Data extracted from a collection
%%

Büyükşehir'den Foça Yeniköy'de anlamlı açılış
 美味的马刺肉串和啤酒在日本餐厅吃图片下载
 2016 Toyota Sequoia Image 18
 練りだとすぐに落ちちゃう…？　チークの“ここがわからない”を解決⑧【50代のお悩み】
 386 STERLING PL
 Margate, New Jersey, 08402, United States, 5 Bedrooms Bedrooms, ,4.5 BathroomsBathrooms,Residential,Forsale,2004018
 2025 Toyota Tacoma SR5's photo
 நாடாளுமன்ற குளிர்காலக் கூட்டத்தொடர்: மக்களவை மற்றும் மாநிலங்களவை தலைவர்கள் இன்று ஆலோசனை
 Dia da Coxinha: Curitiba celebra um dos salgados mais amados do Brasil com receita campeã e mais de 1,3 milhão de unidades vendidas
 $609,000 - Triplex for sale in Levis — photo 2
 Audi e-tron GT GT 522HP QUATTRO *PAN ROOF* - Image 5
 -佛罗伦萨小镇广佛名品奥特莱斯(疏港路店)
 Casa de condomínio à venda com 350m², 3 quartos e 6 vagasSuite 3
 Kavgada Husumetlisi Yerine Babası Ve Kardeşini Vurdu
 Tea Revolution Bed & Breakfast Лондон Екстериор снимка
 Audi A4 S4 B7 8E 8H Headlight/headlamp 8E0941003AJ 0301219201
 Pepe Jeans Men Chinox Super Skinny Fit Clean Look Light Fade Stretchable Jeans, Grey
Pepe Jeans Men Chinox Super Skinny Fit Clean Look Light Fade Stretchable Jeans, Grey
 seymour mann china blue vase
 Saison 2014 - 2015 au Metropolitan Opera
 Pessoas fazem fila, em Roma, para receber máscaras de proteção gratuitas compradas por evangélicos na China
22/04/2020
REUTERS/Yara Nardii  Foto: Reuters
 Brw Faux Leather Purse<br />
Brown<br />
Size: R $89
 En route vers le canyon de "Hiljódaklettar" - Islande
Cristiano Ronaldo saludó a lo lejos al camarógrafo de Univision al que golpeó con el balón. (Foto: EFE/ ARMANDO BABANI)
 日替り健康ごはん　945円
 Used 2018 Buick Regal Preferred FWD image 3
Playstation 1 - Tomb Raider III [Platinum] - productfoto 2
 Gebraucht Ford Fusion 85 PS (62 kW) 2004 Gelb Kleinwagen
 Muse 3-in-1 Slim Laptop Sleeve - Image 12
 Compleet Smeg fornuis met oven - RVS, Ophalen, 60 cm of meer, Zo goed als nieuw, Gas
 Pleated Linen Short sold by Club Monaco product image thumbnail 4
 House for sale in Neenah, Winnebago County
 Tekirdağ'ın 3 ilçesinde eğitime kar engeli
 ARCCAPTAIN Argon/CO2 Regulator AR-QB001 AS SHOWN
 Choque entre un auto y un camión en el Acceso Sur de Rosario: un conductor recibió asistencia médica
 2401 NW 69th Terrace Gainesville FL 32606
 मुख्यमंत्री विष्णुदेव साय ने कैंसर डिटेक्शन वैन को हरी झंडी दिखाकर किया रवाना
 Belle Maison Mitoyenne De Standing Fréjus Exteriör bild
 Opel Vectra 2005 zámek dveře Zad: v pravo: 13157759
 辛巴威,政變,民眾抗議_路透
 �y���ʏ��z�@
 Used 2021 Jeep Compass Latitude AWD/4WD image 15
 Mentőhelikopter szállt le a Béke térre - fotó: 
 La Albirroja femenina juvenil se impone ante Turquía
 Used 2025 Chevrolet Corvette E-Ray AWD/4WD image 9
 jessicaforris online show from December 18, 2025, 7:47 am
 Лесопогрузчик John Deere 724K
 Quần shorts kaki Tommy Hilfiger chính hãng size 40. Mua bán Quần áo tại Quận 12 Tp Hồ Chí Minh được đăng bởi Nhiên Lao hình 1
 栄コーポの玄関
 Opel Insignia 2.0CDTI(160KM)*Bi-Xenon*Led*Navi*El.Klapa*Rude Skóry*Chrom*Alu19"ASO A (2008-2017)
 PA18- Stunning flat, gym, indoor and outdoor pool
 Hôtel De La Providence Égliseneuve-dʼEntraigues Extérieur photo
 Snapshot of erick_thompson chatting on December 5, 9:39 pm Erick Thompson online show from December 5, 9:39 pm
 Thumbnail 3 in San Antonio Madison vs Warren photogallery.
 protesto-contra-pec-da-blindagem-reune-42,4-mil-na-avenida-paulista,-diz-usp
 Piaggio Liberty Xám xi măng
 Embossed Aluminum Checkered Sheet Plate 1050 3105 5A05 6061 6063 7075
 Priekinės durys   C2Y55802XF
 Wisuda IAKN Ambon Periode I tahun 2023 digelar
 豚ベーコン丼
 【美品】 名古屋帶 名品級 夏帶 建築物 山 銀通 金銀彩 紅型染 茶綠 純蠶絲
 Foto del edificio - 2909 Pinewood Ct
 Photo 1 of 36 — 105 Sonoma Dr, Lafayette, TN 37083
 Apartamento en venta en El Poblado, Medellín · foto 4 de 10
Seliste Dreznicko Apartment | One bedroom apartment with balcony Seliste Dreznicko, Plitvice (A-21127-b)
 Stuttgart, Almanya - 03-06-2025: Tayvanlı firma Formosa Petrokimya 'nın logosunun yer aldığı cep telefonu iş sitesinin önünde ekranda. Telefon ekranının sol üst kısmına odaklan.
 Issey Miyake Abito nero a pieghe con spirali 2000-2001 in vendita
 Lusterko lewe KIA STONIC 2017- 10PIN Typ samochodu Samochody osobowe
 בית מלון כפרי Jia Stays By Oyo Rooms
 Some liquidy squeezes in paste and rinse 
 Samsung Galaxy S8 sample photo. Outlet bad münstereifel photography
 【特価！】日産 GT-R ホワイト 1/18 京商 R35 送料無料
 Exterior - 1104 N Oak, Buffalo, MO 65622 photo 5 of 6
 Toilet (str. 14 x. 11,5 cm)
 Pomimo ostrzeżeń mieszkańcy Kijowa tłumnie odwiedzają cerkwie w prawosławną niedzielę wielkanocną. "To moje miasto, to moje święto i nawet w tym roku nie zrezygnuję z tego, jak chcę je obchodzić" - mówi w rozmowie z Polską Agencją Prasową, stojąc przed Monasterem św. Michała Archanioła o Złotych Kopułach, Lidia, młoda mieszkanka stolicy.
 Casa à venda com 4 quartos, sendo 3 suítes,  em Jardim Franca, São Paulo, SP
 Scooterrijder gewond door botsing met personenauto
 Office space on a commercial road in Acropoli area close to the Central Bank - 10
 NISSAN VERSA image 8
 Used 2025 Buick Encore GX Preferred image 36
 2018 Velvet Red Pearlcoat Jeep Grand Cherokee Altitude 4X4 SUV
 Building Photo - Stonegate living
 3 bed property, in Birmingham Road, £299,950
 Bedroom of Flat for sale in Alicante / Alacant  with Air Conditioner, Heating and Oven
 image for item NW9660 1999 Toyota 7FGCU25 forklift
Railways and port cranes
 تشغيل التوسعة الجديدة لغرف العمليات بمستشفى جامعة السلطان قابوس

%%

> [Requirement]: Return every line above exactly.

> [Response area]:
Büyükşehir'den Foça Yeniköy'de anlamlı açılış
 美味的马刺肉串和啤酒在日本餐厅吃图片下载
 2016 Toyota Sequoia Image 18
 練りだとすぐに落ちちゃう…？　チークの“ここがわからない”を解決⑧【50代のお悩み】
 386 STERLING PL
 Margate, New Jersey, 08402, United States, 5 Bedrooms Bedrooms, ,4.5 BathroomsBathrooms,Residential,Forsale,2004018
 2025 Toyota Tacoma SR5's photo
 நாடாளுமன்ற குளிர்காலக் கூட்டத்தொடர்: மக்களவை மற்றும் மாநிலங்களவை தலைவர்கள் இன்று ஆலோசனை
 Dia da Coxinha: Curitiba celebra um dos salgados mais amados do Brasil com receita campeã e mais de 1,3 milhão de unidades vendidas
 $609,000 - Triplex for sale in Levis — photo 2
 Audi e-tron GT GT 522HP QUATTRO *PAN ROOF* - Image 5
 -佛罗伦萨小镇广佛名品奥特莱斯(疏港路店)
 Casa de condomínio à venda com 350m², 3 quartos e 6 vagasSuite 3
 Kavgada Husumetlisi Yerine Babası Ve Kardeşini Vurdu
 Tea Revolution Bed & Breakfast Лондон Екстериор снимка
 Audi A4 S4 B7 8E 8H Headlight/headlamp 8E0941003AJ 0301219201
 Pepe Jeans Men Chinox Super Skinny Fit Clean Look Light Fade Stretchable Jeans, Grey
Pepe Jeans Men Chinox Super Skinny Fit Clean Look Light Fade Stretchable Jeans, Grey
 seymour mann china blue vase
 Saison 2014 - 2015 au Metropolitan Opera
 Pessoas fazem fila, em Roma, para receber máscaras de proteção gratuitas compradas por evangélicos na China
22/04/2020
REUTERS/Yara Nardii  Foto: Reuters
 Brw Faux Leather Purse<br />
Brown<br />
Size: R $89
 En route vers le canyon de "Hiljódaklettar" - Islande
Cristiano Ronaldo saludó a lo lejos al camarógrafo de Univision al que golpeó con el balón. (Foto: EFE/ ARMANDO BABANI)
 日替り健康ごはん　945円
 Used 2018 Buick Regal Preferred FWD image 3
Playstation 1 - Tomb Raider III [Platinum] - productfoto 2
 Gebraucht Ford Fusion 85 PS (62 kW) 2004 Gelb Kleinwagen
 Muse 3-in-1 Slim Laptop Sleeve - Image 12
 Compleet Smeg fornuis met oven - RVS, Ophalen, 60 cm of meer, Zo goed als nieuw, Gas
 Pleated Linen Short sold by Club Monaco product image thumbnail 4
 House for sale in Neenah, Winnebago County
 Tekirdağ'ın 3 ilçesinde eğitime kar engeli
 ARCCAPTAIN Argon/CO2 Regulator AR-QB001 AS SHOWN
 Choque entre un auto y un camión en el Acceso Sur de Rosario: un conductor recibió asistencia médica
 2401 NW 69th Terrace Gainesville FL 32606
 मुख्यमंत्री विष्णुदेव साय ने कैंसर डिटेक्शन वैन को हरी झंडी दिखाकर किया रवाना
 Belle Maison Mitoyenne De Standing Fréjus Exteriör bild
 Opel Vectra 2005 zámek dveře Zad: v pravo: 13157759
 辛巴威,政變,民眾抗議_路透
 �y���ʏ��z�@
 Used 2021 Jeep Compass Latitude AWD/4WD image 15
 Mentőhelikopter szállt le a Béke térre - fotó: 
 La Albirroja femenina juvenil se impone ante Turquía
 Used 2025 Chevrolet Corvette E-Ray AWD/4WD image 9
 jessicaforris online show from December 18, 2025, 7:47 am
 Лесопогрузчик John Deere 724K
 Quần shorts kaki Tommy Hilfiger chính hãng size 40. Mua bán Quần áo tại Quận 12 Tp Hồ Chí Minh được đăng bởi Nhiên Lao hình 1
 栄コーポの玄関
 Opel Insignia 2.0CDTI(160KM)*Bi-Xenon*Led*Navi*El.Klapa*Rude Skóry*Chrom*Alu19"ASO A (2008-2017)
 PA18- Stunning flat, gym, indoor and outdoor pool
 Hôtel De La Providence Égliseneuve-dʼEntraigues Extérieur photo
 Snapshot of erick_thompson chatting on December 5, 9:39 pm Erick Thompson online show from December 5, 9:39 pm
 Thumbnail 3 in San Antonio Madison vs Warren photogallery.
 protesto-contra-pec-da-blindagem-reune-42,4-mil-na-avenida-paulista,-diz-usp
 Piaggio Liberty Xám xi măng
 Embossed Aluminum Checkered Sheet Plate 1050 3105 5A05 6061 6063 7075
 Priekinės durys   C2Y55802XF
 Wisuda IAKN Ambon Periode I tahun 2023 digelar
 豚ベーコン丼
 【美品】 名古屋帶 名品級 夏帶 建築物 山 銀通 金銀彩 紅型染 茶綠 純蠶絲
 Foto del edificio - 2909 Pinewood Ct
 Photo 1 of 36 — 105 Sonoma Dr, Lafayette, TN 37083
 Apartamento en venta en El Poblado, Medellín · foto 4 de 10
Seliste Dreznicko Apartment | One bedroom apartment with balcony Seliste Dreznicko, Plitvice (A-21127-b)
 Stuttgart, Almanya - 03-06-2025: Tayvanlı firma Formosa Petrokimya 'nın logosunun yer aldığı cep telefonu iş sitesinin önünde ekranda. Telefon ekranının sol üst kısmına odaklan.
 Issey Miyake Abito nero a pieghe con spirali 2000-2001 in vendita
 Lusterko lewe KIA STONIC 2017- 10PIN Typ samochodu Samochody osobowe
 בית מלון כפרי Jia Stays By Oyo Rooms
 Some liquidy squeezes in paste and rinse 
 Samsung Galaxy S8 sample photo. Outlet bad münstereifel photography
 【特価！】日産 GT-R ホワイト 1/18 京商 R35 送料無料
 Exterior - 1104 N Oak, Buffalo, MO 65622 photo 5 of 6
 Toilet (str. 14 x. 11,5 cm)
 Pomimo ostrzeżeń mieszkańcy Kijowa tłumnie odwiedzają cerkwie w prawosławną niedzielę wielkanocną. "To moje miasto, to moje święto i nawet w tym roku nie zrezygnuję z tego, jak chcę je obchodzić" - mówi w rozmowie z Polską Agencją Prasową, stojąc przed Monasterem św. Michała Archanioła o Złotych Kopułach, Lidia, młoda mieszkanka stolicy.
 Casa à venda com 4 quartos, sendo 3 suítes,  em Jardim Franca, São Paulo, SP
 Scooterrijder gewond door botsing met personenauto
 Office space on a commercial road in Acropoli area close to the Central Bank - 10
 NISSAN VERSA image 8
 Used 2025 Buick Encore GX Preferred image 36
 2018 Velvet Red Pearlcoat Jeep Grand Cherokee Altitude 4X4 SUV
 Building Photo - Stonegate living
 3 bed property, in Birmingham Road, £299,950
 Bedroom of Flat for sale in Alicante / Alacant  with Air Conditioner, Heating and Oven
 image for item NW9660 1999 Toyota 7FGCU25 forklift
Railways and port cranes
 تشغيل التوسعة الجديدة لغرف العمليات بمستشفى جامعة السلطان قابوس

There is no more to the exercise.